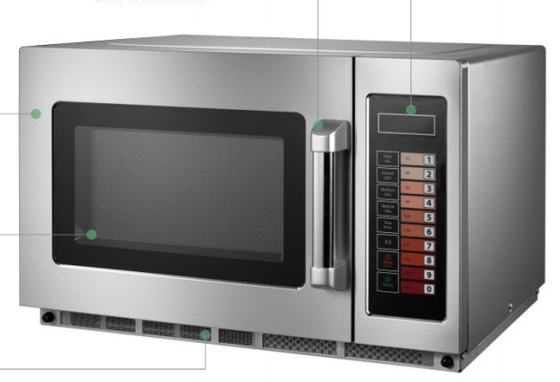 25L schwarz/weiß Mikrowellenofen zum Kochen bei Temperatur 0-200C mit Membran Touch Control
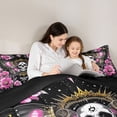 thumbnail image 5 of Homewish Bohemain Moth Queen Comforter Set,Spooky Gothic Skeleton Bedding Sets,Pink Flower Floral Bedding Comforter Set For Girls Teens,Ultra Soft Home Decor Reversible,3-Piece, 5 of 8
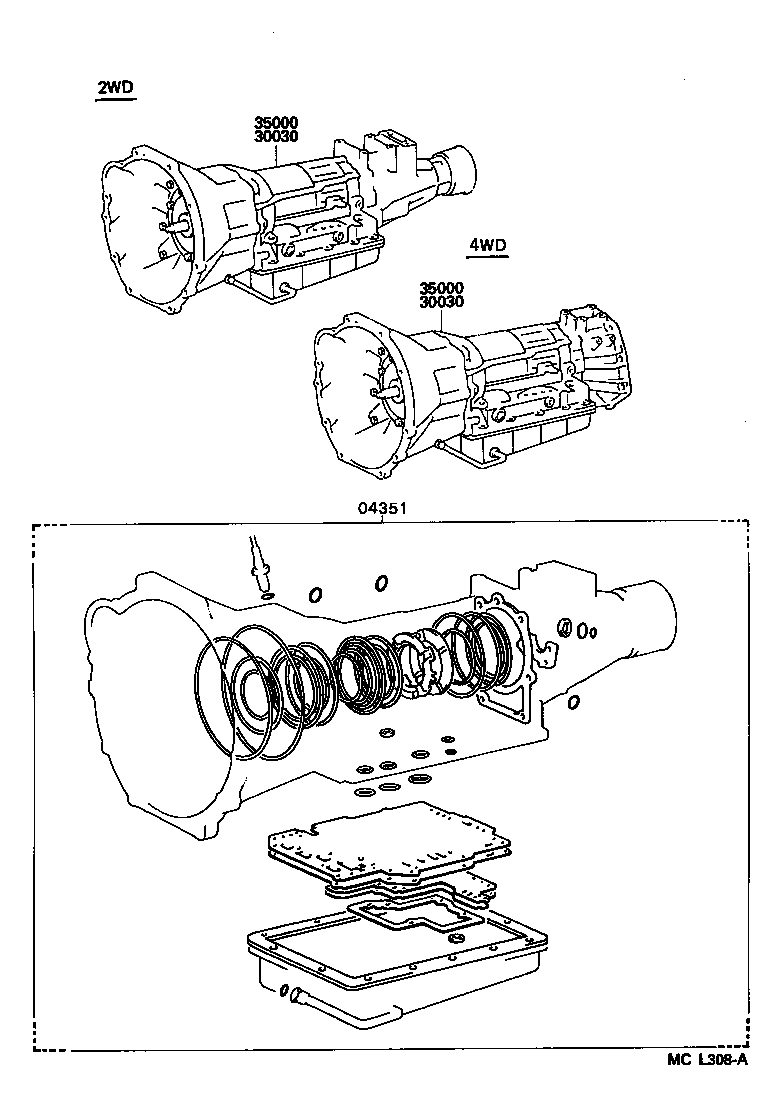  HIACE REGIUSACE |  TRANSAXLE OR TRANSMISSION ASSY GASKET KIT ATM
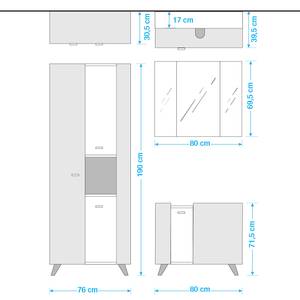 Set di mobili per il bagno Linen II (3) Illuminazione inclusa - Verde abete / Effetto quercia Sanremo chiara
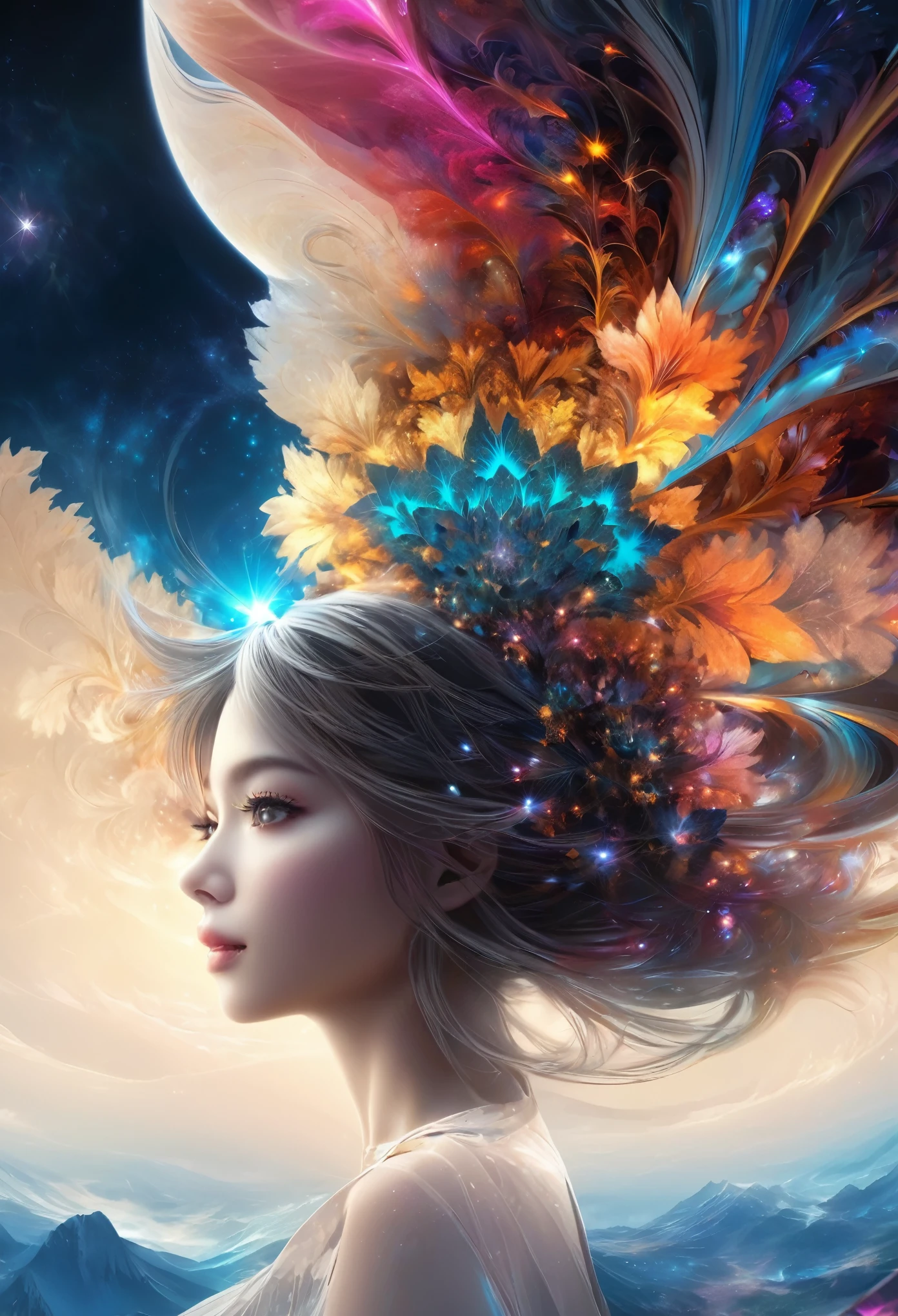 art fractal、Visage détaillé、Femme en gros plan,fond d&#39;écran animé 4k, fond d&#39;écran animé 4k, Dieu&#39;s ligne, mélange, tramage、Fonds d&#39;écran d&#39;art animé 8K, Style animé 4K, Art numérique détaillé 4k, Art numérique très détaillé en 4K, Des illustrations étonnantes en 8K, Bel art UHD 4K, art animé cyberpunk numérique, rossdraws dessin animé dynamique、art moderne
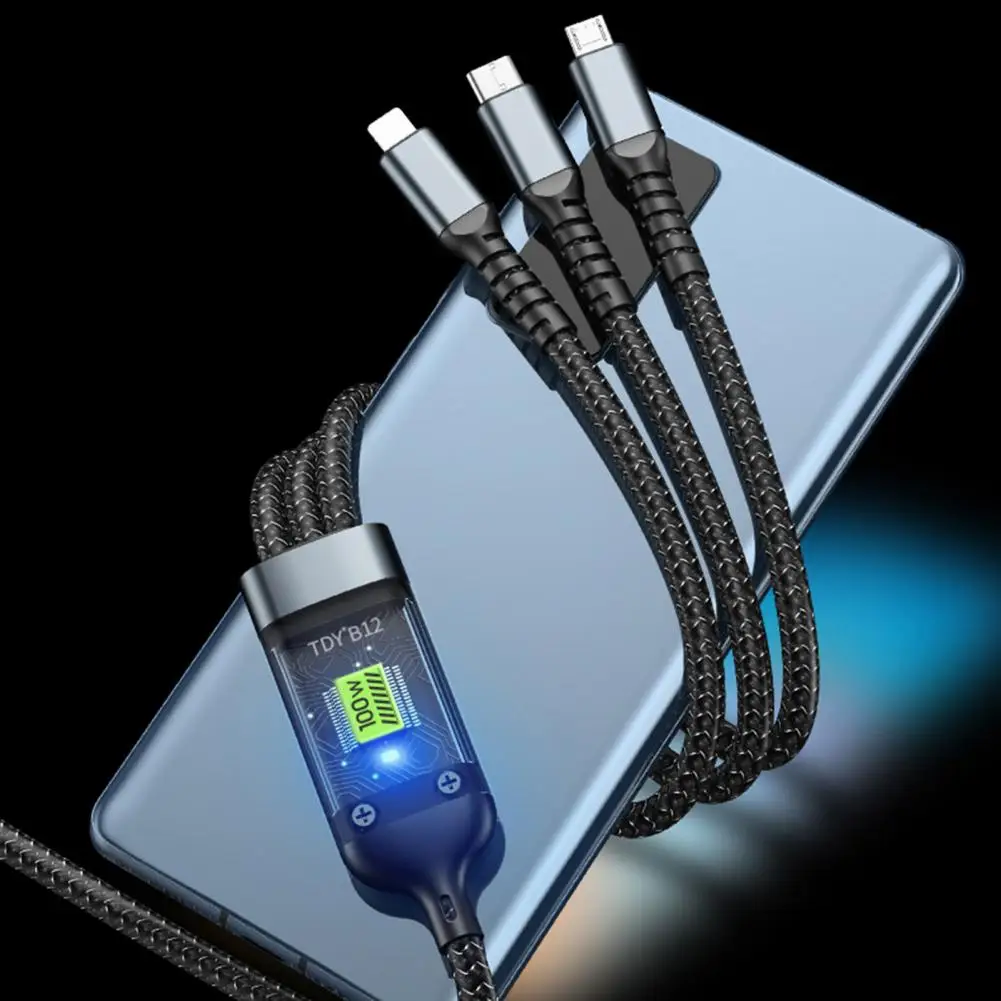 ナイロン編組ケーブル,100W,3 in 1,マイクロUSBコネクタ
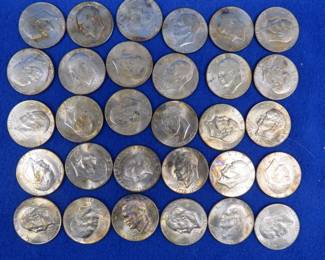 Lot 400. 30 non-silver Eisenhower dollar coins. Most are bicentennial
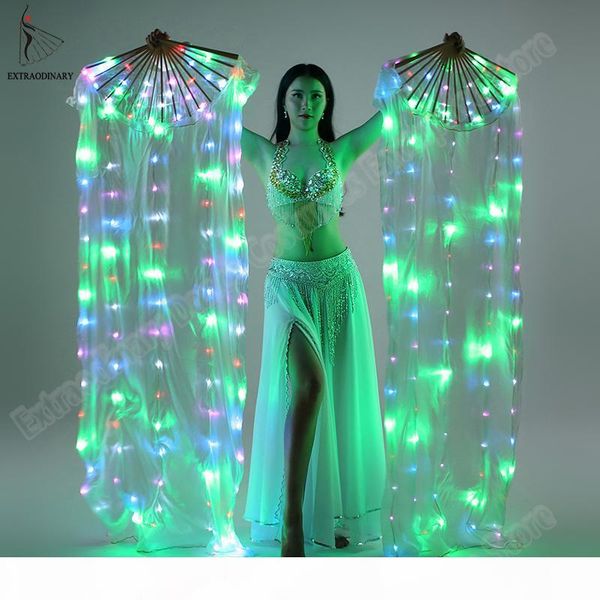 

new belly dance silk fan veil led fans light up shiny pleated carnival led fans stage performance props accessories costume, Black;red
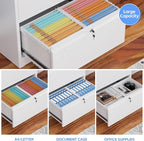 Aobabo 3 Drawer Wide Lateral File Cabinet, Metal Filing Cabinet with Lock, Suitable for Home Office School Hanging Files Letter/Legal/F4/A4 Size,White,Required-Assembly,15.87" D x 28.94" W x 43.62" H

### Problem
Quote the data above exactly from the line with "thumbnail image 5" to the line with "Set di mobili", both ends counted, and nothing else. Pictures don't go in.

### Answer section
 thumbnail image 5 of Homewish Bohemain Moth Queen Comforter Set,Spooky Gothic Skeleton Bedding Sets,Pink Flower Floral Bedding Comforter Set For Girls Teens,Ultra Soft Home Decor Reversible,3-Piece, 5 of 8
  HIACE REGIUSACE |  TRANSAXLE OR TRANSMISSION ASSY GASKET KIT ATM
 Set di mobili per il bagno Linen II (3) Illuminazione inclusa - Verde abete / Effetto quercia Sanremo chiara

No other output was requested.